INFORMATION:

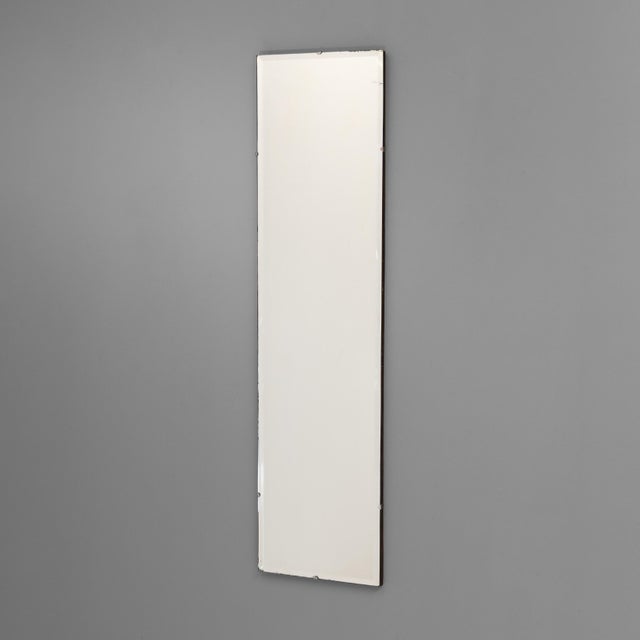 Narrow frameless mirror. U.K circa 1950.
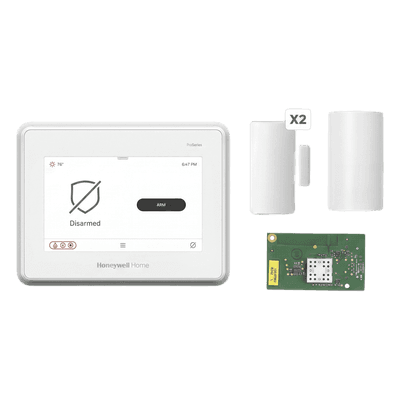 Kit de Alarma / Panel Táctil 7 Pulgadas / 250 Zonas / WiFi y Z-Wave Plus / PIR 12 x 17 m (39.4 x 55.8 ft) / 2 Contactos Magnéticos / Sirena 85 dB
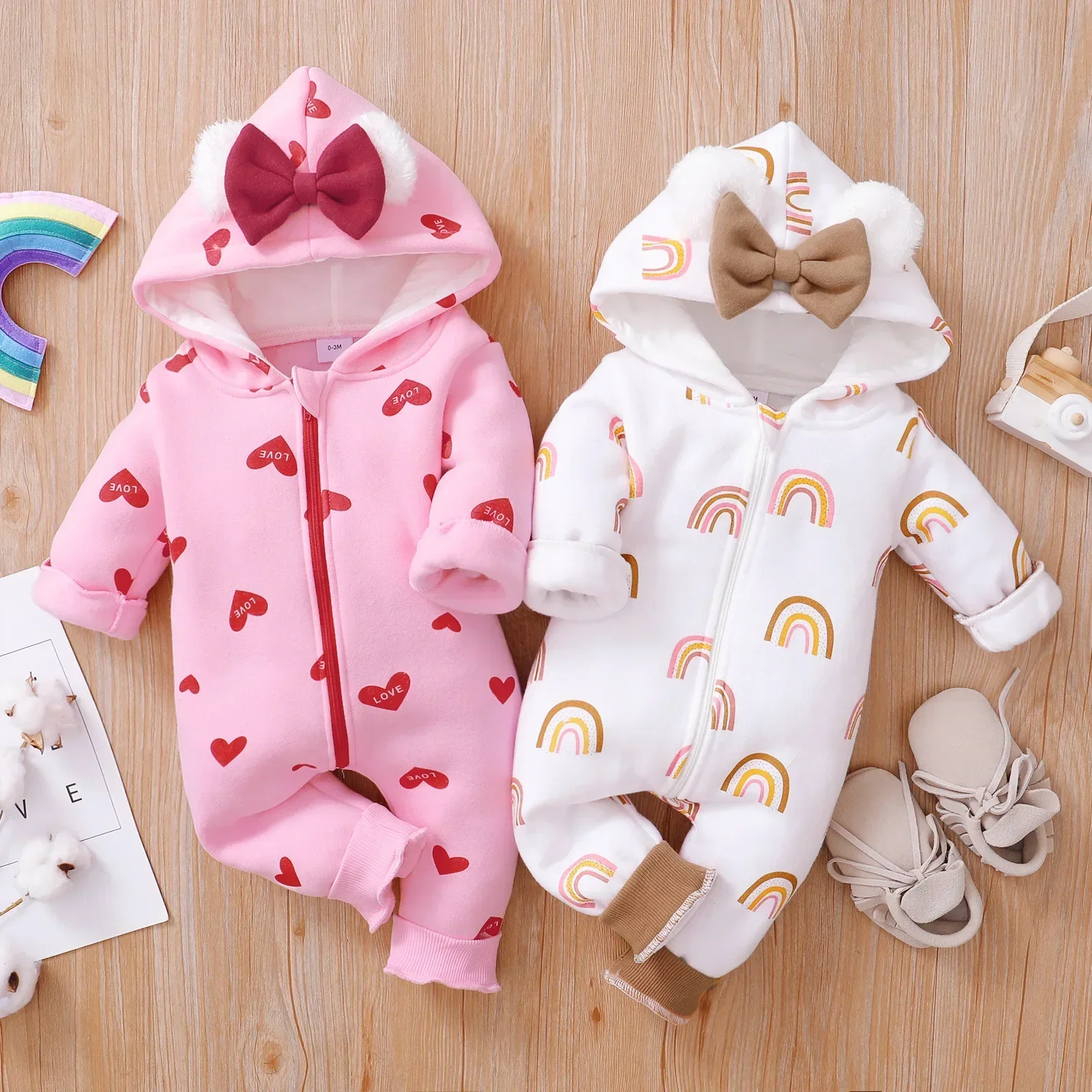 Winter Clothing Types - Girls Crawl Clothing Baby Hooded Jumpsuit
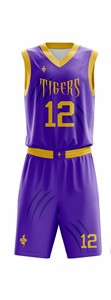 Uniforme de Baloncesto Estampado de Ajuste Flexible, Tela Ligera y Transpirable, Color y Diseño Personalizados, Unisex, para Todas las Temporadas - Product Image 4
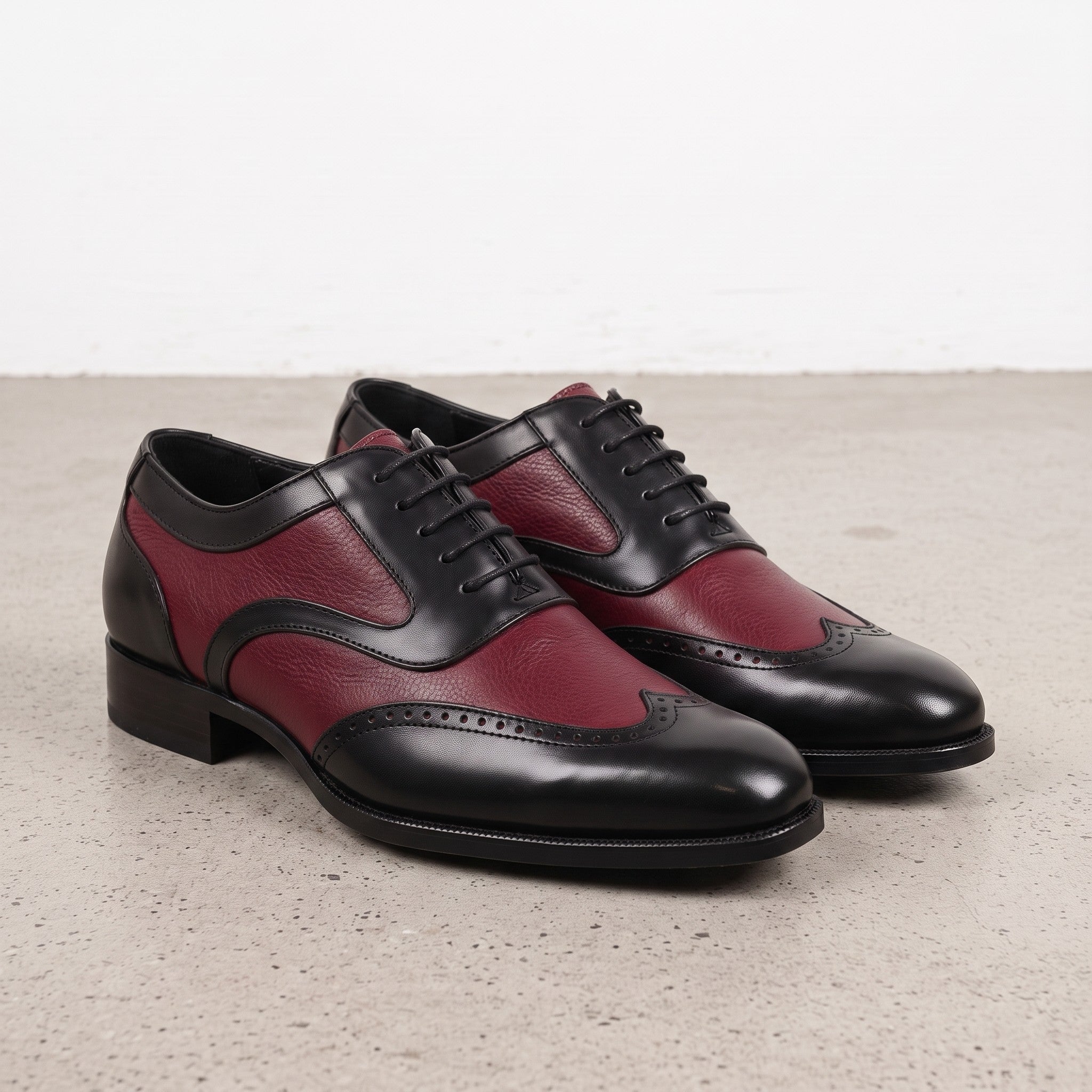 Men's Burgundy and Black Two-Tone Wingtip Leather Spectator Oxfords — Anstruther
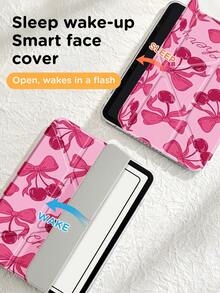 Rose Bow Cherry Dual-Sided Acrylic Crystal Protective Case, Compatible With IPad 10th Gen, IPad 10.2/IPad Mini 6/IPad Mini 7/9.7", Galaxy Tab A8 8.7", 3+Y Foldable Anti-Bend Design, Compatible With Kindle Paperwhite 12th Gen (2024), Silicone Reinforced Corners, Auto Wake/Sleep Function, Great Gift For Holidays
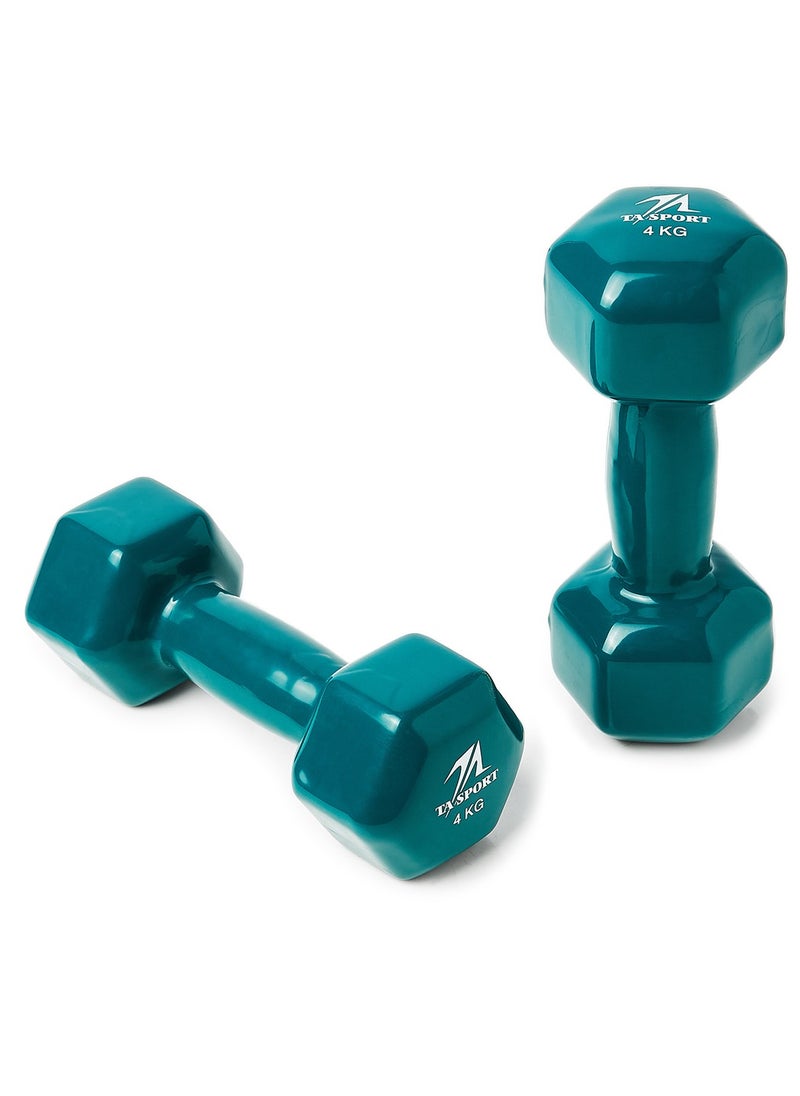 TA SPORT Vinyl Dipping Hex Dumbbell 4kg Durable PVC Coating  - Image 3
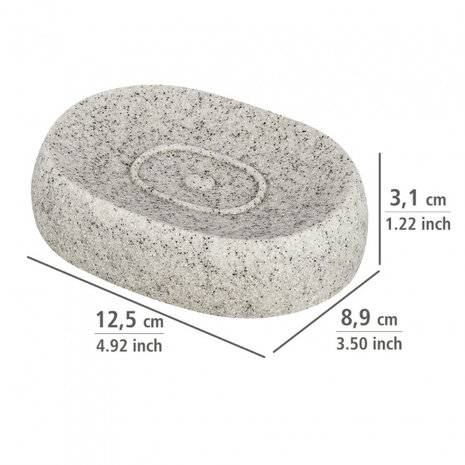 zeephouder Puro 12,5 x 8,9 cm polyresin grijs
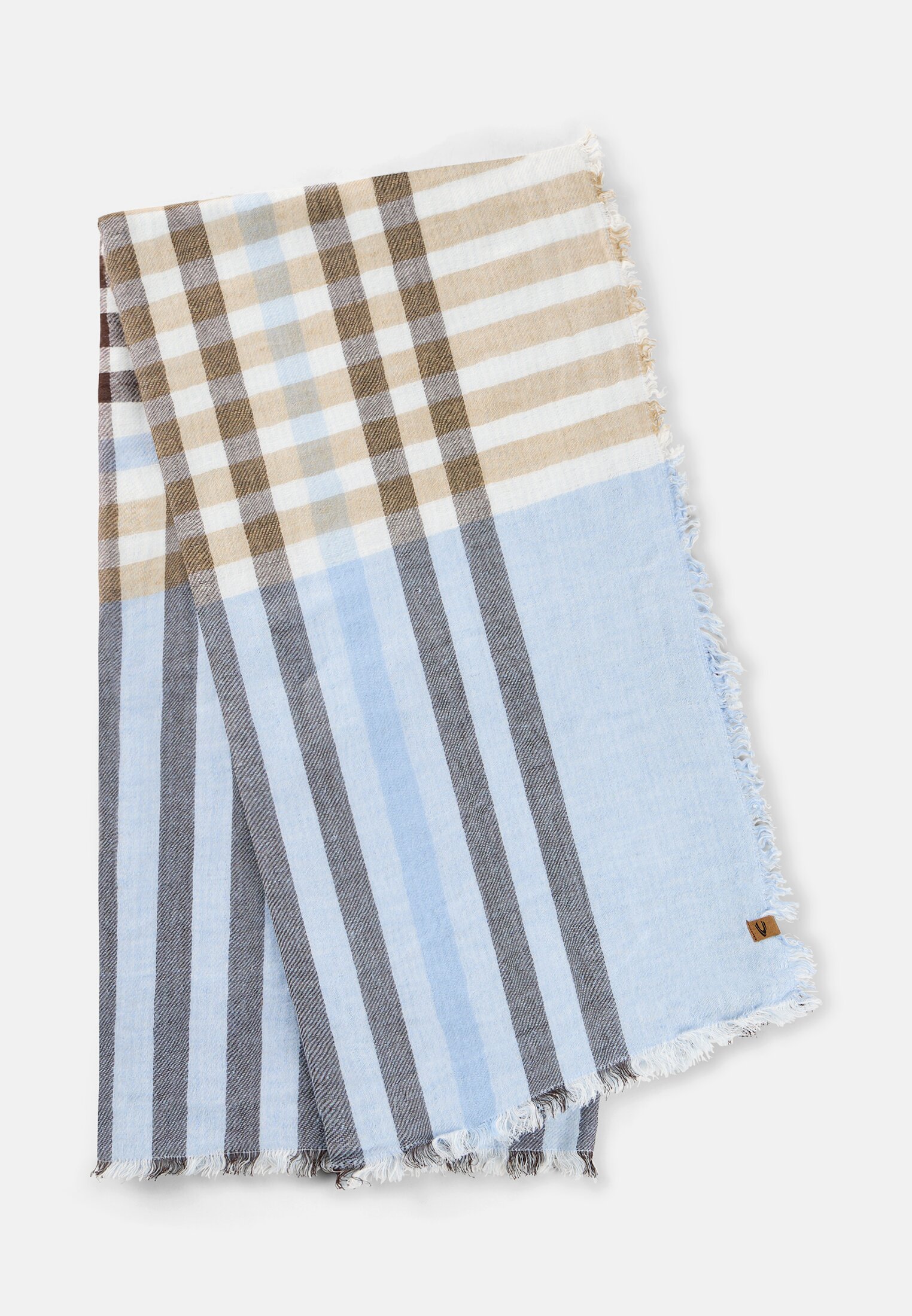 Damen Schal aus Baumwollmix Hellblau frontal vorn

TASK DESCRIPTION: Transcribe the listing in full and omit the pictures.

TASK OUTPUT:
 Narrow frameless mirror. U.K circa 1950.
 Kit de Alarma / Panel Táctil 7 Pulgadas / 250 Zonas / WiFi y Z-Wave Plus / PIR 12 x 17 m (39.4 x 55.8 ft) / 2 Contactos Magnéticos / Sirena 85 dB
 Winter Clothing Types - Girls Crawl Clothing Baby Hooded Jumpsuit
 Uniforme de Baloncesto Estampado de Ajuste Flexible, Tela Ligera y Transpirable, Color y Diseño Personalizados, Unisex, para Todas las Temporadas - Product Image 4
 Men's Burgundy and Black Two-Tone Wingtip Leather Spectator Oxfords — Anstruther
 Rose Bow Cherry Dual-Sided Acrylic Crystal Protective Case, Compatible With IPad 10th Gen, IPad 10.2/IPad Mini 6/IPad Mini 7/9.7", Galaxy Tab A8 8.7", 3+Y Foldable Anti-Bend Design, Compatible With Kindle Paperwhite 12th Gen (2024), Silicone Reinforced Corners, Auto Wake/Sleep Function, Great Gift For Holidays
 TA SPORT Vinyl Dipping Hex Dumbbell 4kg Durable PVC Coating  - Image 3
 zeephouder Puro 12,5 x 8,9 cm polyresin grijs
 Damen Schal aus Baumwollmix Hellblau frontal vorn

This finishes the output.